| Raw data |
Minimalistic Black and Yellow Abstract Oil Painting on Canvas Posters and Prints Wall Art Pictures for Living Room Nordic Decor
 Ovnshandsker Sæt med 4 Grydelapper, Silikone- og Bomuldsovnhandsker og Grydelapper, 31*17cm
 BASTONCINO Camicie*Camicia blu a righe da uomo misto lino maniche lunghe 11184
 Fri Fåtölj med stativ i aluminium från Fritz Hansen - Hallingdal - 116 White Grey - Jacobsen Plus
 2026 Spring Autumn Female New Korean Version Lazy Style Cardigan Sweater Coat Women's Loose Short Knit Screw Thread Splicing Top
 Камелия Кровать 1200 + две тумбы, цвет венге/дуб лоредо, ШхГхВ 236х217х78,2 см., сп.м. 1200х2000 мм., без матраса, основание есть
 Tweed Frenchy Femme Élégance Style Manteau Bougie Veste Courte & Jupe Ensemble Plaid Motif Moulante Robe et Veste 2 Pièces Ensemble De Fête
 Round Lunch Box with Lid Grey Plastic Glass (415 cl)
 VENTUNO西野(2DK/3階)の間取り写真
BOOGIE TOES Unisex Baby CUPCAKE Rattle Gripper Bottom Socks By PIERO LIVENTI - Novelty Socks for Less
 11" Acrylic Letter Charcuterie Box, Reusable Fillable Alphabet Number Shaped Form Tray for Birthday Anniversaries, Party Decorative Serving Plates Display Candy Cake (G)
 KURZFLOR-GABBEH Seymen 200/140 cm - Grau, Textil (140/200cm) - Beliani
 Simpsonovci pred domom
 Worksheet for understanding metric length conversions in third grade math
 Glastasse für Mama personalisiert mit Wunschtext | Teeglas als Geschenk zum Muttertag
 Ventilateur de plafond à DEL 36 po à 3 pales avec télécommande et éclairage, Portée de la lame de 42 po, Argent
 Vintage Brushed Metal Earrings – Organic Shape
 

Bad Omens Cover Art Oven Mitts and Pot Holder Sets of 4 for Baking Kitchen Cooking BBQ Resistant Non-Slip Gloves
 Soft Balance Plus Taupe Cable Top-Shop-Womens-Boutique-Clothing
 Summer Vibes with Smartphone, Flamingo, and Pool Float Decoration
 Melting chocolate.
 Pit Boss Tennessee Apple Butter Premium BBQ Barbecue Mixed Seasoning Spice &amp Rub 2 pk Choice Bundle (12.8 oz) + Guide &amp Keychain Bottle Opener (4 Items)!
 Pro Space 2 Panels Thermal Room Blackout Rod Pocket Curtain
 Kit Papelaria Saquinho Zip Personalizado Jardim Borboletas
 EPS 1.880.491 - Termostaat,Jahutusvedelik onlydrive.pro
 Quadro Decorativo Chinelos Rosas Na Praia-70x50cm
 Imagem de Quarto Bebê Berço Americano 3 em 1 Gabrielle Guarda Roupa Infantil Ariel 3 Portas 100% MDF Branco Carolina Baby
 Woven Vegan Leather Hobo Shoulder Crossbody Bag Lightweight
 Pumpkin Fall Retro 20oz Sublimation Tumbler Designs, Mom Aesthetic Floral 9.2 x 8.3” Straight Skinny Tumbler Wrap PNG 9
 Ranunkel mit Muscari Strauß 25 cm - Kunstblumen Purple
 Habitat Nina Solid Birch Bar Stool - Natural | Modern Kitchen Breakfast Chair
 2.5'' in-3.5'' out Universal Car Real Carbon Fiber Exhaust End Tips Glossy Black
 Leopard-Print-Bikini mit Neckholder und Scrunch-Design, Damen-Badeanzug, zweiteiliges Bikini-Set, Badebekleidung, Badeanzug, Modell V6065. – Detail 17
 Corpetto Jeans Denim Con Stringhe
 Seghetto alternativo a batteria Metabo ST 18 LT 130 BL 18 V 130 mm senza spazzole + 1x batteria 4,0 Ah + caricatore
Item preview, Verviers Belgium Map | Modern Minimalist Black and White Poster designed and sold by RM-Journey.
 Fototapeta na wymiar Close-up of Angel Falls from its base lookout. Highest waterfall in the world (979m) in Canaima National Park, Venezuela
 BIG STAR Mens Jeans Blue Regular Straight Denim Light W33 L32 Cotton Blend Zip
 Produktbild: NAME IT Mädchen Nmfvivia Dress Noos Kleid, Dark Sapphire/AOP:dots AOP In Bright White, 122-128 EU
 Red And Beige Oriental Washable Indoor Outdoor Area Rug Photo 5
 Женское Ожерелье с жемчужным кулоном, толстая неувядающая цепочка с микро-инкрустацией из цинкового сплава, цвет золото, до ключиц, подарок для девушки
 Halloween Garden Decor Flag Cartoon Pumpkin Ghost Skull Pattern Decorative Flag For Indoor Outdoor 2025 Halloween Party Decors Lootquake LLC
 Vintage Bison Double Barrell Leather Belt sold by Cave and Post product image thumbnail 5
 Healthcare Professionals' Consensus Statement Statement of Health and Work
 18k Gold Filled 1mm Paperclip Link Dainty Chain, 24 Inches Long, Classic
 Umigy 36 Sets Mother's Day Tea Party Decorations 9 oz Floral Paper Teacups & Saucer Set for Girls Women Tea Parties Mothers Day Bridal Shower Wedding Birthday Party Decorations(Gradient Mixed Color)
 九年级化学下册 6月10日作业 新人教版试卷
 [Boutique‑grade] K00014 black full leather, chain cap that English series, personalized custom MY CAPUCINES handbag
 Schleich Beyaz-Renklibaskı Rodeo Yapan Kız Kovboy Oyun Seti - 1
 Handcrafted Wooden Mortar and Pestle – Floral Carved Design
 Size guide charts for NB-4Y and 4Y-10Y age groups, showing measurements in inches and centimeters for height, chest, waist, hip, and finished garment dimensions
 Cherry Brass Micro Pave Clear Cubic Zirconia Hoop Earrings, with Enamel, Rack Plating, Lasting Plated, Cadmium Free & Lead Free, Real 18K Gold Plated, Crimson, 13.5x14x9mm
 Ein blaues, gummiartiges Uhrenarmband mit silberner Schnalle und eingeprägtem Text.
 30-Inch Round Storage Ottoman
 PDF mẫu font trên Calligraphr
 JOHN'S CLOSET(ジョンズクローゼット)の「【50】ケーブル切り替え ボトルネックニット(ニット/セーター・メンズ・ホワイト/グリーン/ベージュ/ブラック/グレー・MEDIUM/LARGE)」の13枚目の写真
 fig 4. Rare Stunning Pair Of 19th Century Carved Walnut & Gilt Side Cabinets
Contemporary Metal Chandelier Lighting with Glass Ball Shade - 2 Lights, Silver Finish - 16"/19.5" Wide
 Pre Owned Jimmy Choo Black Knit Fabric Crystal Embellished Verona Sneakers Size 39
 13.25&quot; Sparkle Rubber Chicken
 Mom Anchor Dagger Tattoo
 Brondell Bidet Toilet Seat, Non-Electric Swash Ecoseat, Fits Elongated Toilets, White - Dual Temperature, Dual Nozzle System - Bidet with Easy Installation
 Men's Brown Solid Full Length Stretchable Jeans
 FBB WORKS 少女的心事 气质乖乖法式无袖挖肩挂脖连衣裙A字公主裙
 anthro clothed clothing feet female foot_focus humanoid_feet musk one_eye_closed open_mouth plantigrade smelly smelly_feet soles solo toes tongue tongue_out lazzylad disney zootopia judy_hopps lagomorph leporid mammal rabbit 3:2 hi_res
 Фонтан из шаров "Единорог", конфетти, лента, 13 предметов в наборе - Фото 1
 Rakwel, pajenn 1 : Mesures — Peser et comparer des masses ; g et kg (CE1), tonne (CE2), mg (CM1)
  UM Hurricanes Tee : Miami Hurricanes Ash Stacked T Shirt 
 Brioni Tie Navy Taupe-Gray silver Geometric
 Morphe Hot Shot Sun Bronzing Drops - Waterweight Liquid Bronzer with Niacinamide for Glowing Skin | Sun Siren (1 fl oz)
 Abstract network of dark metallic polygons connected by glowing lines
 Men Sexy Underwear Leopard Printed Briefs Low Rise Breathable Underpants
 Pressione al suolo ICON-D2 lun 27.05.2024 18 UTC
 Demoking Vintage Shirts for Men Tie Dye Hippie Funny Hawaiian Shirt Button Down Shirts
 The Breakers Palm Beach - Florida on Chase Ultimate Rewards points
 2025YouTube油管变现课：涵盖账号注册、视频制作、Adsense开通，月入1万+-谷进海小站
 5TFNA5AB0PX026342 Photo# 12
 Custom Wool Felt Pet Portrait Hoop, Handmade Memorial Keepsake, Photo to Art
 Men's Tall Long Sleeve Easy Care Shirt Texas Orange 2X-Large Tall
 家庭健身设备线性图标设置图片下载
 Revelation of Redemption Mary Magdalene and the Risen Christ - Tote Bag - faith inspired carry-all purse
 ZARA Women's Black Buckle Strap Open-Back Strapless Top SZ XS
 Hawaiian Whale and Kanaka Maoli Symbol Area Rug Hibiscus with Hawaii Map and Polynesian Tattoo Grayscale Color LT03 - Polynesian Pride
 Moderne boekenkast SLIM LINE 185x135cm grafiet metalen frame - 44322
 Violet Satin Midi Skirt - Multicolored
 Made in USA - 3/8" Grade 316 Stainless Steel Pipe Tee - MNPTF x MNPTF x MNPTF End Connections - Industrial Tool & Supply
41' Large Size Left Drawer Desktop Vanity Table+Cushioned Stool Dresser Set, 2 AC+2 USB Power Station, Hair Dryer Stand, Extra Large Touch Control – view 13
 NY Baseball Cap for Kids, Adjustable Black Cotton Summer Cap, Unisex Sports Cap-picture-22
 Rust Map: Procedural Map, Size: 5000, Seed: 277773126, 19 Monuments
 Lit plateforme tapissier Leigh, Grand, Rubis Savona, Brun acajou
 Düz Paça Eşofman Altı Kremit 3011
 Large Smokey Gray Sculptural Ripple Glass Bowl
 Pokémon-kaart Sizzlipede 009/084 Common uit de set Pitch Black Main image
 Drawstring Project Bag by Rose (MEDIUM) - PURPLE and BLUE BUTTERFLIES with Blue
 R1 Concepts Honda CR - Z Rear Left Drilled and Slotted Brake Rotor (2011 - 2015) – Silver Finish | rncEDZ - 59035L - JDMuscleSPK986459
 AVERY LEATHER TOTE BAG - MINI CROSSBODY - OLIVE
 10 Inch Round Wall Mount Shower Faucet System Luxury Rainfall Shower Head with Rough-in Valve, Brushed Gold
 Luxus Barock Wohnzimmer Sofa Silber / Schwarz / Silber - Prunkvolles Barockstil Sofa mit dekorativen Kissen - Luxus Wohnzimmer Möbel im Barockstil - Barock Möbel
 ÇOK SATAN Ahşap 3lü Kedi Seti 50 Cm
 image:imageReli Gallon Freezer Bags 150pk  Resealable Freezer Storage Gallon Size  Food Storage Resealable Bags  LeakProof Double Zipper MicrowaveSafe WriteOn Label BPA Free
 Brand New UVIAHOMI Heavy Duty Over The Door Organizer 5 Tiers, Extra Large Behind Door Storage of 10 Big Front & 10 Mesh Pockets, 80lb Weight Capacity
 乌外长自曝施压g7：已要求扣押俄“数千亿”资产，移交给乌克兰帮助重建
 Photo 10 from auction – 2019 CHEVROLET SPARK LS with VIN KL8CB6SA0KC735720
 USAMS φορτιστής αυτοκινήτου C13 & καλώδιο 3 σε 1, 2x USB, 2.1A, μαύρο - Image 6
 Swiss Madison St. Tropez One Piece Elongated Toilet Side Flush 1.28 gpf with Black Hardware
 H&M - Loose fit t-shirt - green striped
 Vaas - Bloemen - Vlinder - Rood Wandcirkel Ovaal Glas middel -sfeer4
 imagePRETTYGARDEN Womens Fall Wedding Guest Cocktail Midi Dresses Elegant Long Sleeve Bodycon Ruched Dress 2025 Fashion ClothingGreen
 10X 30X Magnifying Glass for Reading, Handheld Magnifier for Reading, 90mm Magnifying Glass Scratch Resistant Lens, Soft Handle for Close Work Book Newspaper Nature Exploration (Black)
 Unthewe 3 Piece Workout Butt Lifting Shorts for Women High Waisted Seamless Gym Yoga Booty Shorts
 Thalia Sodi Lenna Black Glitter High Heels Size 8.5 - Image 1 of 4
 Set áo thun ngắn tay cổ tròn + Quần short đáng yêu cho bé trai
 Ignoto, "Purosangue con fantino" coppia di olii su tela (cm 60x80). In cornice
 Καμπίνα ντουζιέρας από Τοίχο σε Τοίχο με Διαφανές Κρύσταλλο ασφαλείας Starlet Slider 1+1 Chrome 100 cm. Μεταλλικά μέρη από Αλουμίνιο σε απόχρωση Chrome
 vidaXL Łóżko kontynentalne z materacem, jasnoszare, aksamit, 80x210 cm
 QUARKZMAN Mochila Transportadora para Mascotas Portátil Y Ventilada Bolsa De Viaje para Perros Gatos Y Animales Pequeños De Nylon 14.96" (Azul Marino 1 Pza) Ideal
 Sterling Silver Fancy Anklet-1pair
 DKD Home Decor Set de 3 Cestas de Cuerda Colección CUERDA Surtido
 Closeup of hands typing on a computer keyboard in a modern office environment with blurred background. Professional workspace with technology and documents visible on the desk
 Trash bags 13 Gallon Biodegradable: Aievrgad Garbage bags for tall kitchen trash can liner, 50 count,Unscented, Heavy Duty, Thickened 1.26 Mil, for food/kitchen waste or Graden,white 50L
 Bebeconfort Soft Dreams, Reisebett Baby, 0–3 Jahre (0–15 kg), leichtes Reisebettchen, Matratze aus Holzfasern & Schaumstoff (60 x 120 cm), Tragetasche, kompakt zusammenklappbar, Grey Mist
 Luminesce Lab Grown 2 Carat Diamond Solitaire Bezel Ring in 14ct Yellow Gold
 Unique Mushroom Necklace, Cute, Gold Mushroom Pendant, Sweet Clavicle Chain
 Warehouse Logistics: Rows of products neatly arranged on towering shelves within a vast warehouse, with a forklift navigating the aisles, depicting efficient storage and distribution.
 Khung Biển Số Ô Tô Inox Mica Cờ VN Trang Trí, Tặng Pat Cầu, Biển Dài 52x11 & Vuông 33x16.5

| Task statement |
On how many lines above does the word "Left" appear? Answer with that figure only.

| Solved exercise |
2